Price Discrimination at Twin Pines Mall

You sell skateboards and bikes at Twin Pines Mall. You have two types of customers: Parents of small children, who may have some preference but will generally buy either a skateboard or a bike, and teenagers, who insist on being "cool" and buying a skateboard. You estimate that the demand by parents for bikes is Dpb(pB, pS) = 80 - pB + pS/2, where pB is the price you charge for bikes and ps is the price you charge for skateboards; the demand by parents for skateboards is given by Dps(pB, pS) = 80 - Ps + pB/2. Meanwhile, teenagers do not demand bikes at all but have a demand for skateboards given by Dt(pB, pS) = 80 - pS/4
 
The wholesale price (i.e., your cost) is $60 for a bike and is $40 for a skateboard.

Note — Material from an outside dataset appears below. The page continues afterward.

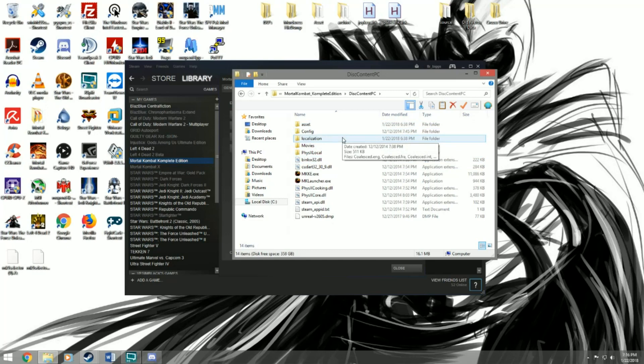But we're gonna install TE in a new way using a program called MK9 Selector. MK9 Selector is the newest creation by Aaron PC. It's basically a program that lets you install TE and then choose between running vanilla MK9 and TE at the click of a button. So we're gonna do that right now.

a) What prices will you charge for bikes and skateboards? Why is it optimal to charge the same price for skateboards that you do for bikes, even though bikes cost you more?

b) Now suppose you can open a second store in the mall for $1000 and can give each store a theme such that only parents will enter the first ("McFly's Bikes for Tykes"—although it sells skateboards too) and only teenagers will enter the second ("Tannen's Danger Zone," which has the tagline "If you don't shop here, you're a chicken!"). If you do this, what prices will you charge in each store? Is it worth it to pay the additional rent? Why?